Leo waits every morning at the bathroom sink for me to turn the water on so he can drink, immobile, curled up, confident. He knows that I will come, stands up with a purr when I do, stares into my eyes, mews with a low sound that fills his throat. Once he has drunk, he jumps down and runs off without looking back. Same when he pees or poops, except that he does not have to wait for me to turn it on. He has a ritual there as well. The sand box is like a small covered garage, so I don’t see what goes on inside. But I hear. Various, hesitant scratching sounds into the sand, coming from alternate spots, indicate that, like a yogi, he tries to find the area of best energy within the room for him to relax in the moment. When done with that, he does not bow respectfully to the Creator of all. He emerges from the box at full running speed, scattering sand bits that drop off his paws all along the way. There are times when he howls from any given part of the house. I go and find him. He is happy to see me. He twirls his tail around my leg. What was the howling about? I never know. Leo’s sister Lucy isn’t like that at all. Her strength is in the intensity of her silence. She sees everything, says nothing. She is filled with love. I see it in her eyes. If I move, she moves. She is always near, makes no fuss about it. And so questions come to mind. How do we leave behind what is precious to us—what gives us life, what quenches our thirst, what is so intimate that it feels like an inner part of us? Who teaches us how to part?
My mother says, “I have missed my family all of my life,” not realizing that I have had the same life. “They were always so far,” she moans. “My father died too soon… My brother was killed too young… My mother died too late for her to take back harsh words… My grandmother died too old to have kept her beauty… And my own son… died so quickly, I did not realize he was leaving… I could not conceive such a thing… Oh Lord!”
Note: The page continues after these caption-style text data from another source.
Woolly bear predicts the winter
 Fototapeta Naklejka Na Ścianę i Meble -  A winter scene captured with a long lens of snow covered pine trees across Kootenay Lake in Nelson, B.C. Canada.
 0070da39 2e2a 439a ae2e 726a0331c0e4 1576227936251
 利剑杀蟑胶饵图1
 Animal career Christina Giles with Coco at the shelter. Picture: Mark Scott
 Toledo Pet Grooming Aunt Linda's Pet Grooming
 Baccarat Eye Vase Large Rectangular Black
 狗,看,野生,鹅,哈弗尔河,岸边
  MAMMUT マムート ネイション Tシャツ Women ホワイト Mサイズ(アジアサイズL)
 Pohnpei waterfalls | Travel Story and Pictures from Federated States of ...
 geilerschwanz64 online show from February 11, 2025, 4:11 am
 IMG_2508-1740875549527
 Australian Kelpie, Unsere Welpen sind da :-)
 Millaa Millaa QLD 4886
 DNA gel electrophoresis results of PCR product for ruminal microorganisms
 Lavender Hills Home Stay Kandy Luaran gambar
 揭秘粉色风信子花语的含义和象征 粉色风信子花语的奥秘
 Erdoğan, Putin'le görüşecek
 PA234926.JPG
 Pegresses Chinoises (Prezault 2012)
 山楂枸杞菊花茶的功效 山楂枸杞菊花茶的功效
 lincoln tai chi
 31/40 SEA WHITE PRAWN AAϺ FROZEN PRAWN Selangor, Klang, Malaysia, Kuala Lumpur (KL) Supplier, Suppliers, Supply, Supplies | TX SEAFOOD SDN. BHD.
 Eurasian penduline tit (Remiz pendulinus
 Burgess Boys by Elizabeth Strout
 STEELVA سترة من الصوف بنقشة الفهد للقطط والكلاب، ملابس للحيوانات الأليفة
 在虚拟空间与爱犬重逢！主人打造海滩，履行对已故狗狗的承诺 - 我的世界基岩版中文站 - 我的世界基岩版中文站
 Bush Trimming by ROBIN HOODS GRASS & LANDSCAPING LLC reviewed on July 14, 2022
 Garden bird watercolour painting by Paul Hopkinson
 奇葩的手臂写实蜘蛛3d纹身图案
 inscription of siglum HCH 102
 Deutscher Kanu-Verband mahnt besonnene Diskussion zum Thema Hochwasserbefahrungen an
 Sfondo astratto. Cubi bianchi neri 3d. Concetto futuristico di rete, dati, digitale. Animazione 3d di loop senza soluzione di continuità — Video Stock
I can only listen silently when my mother says these things. My own heart is breaking. I reflect on how the world wants to know about artists and their process. How do they create? Everything is about process. Process is in. There has been more curiosity about the paint-stained gloves I wear than the result from wearing them, showing in my paintings. It was suggested that the gloves be displayed as a worthy piece of art; and the worn brushes; not forgetting the old easel that withstood all the pressure. It seems that digestion is of more interest than the food. People hope there is a recipe for everything. There is a How To book for everything. It’s easy—just follow the steps and you’ll know how to die, or how to let die.